* [Provided material]

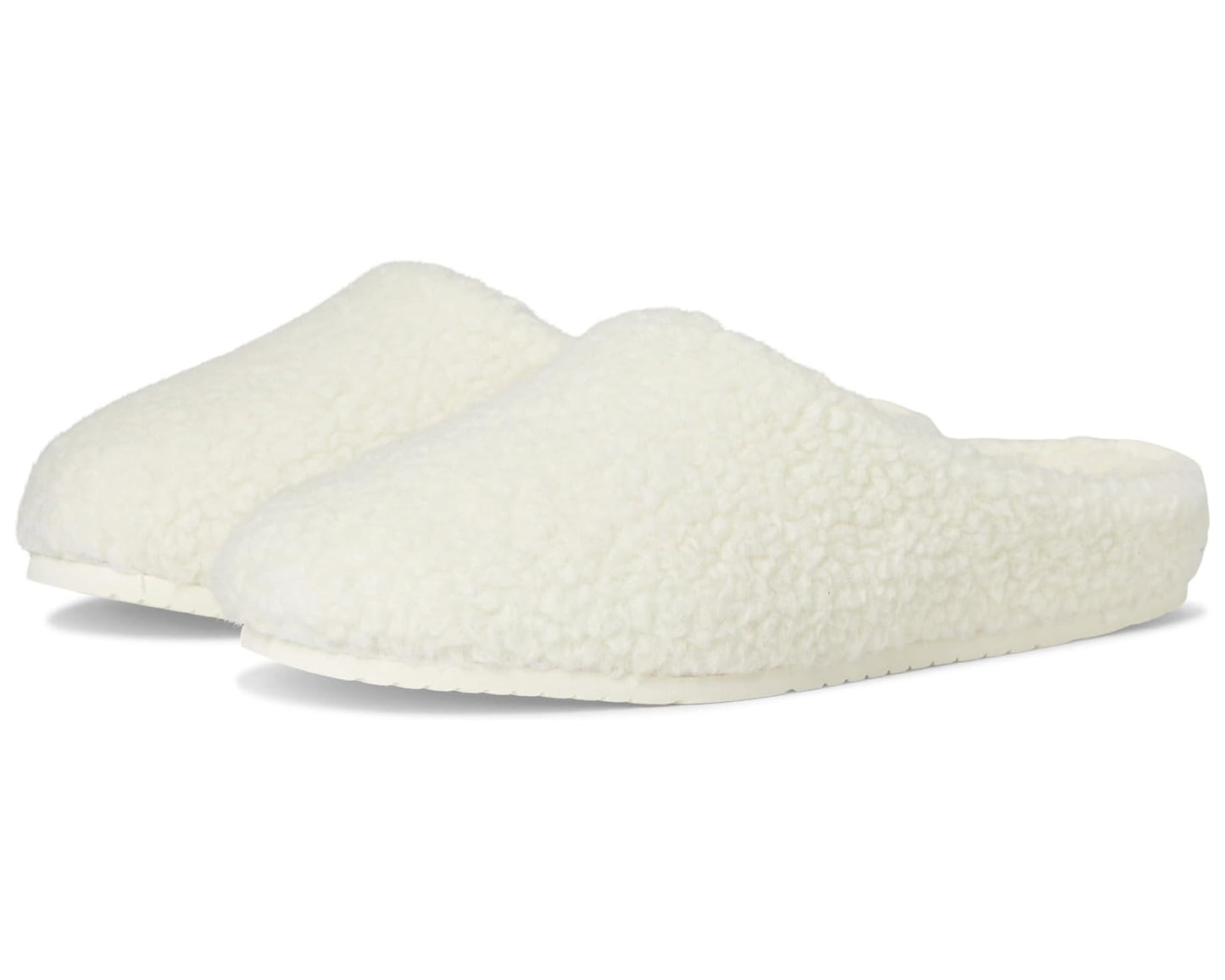 Unisex Allbirds Wool Slipper Fluff Natural White (Natural White)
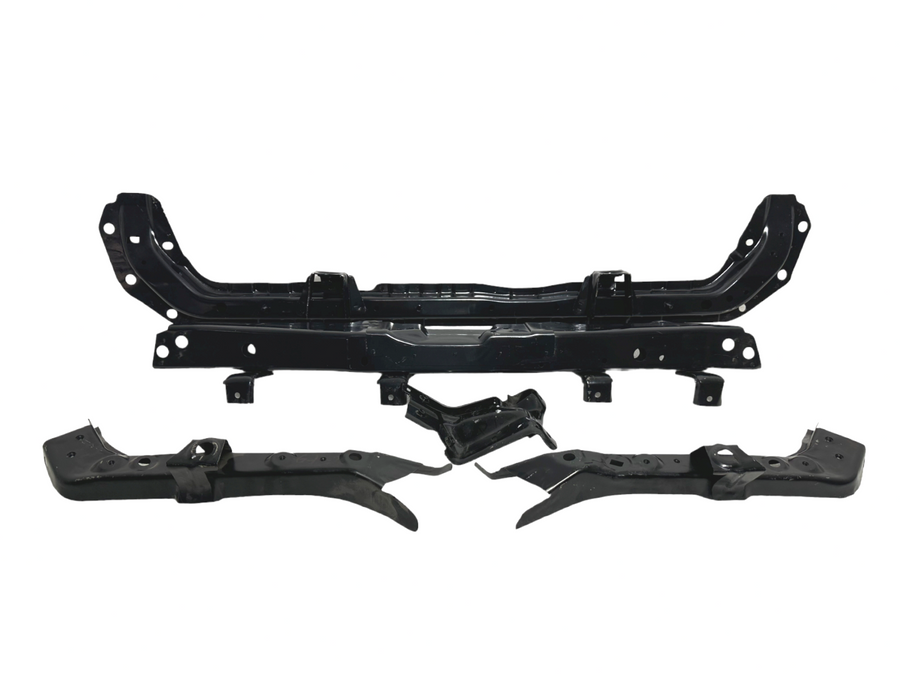 2014 2015 2016 2017 2018 2019 2020 Nissan Rogue Radiator Core Support Upper Lower Left Right Brackets 5-PCS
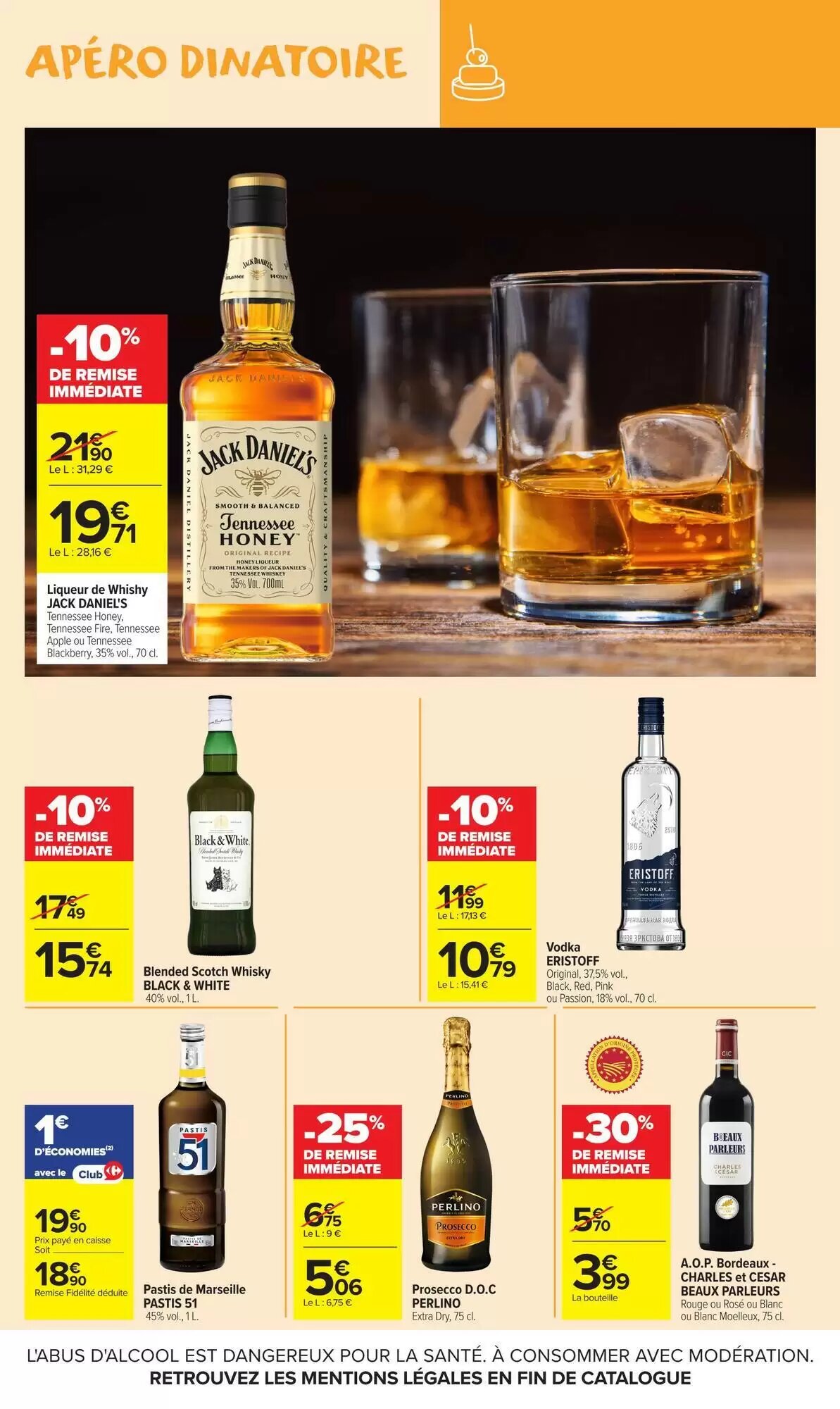 Prospectus promotionnel Carrefour Market valable à partir du 23/06/2026 - Page 20.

* [Prompt]
Reproduce the data above without a single change, please, but without its pictures.

* [Output of the exercise]
 Unisex Allbirds Wool Slipper Fluff Natural White (Natural White)
 2014 2015 2016 2017 2018 2019 2020 Nissan Rogue Radiator Core Support Upper Lower Left Right Brackets 5-PCS
 Prospectus promotionnel Carrefour Market valable à partir du 23/06/2026 - Page 20.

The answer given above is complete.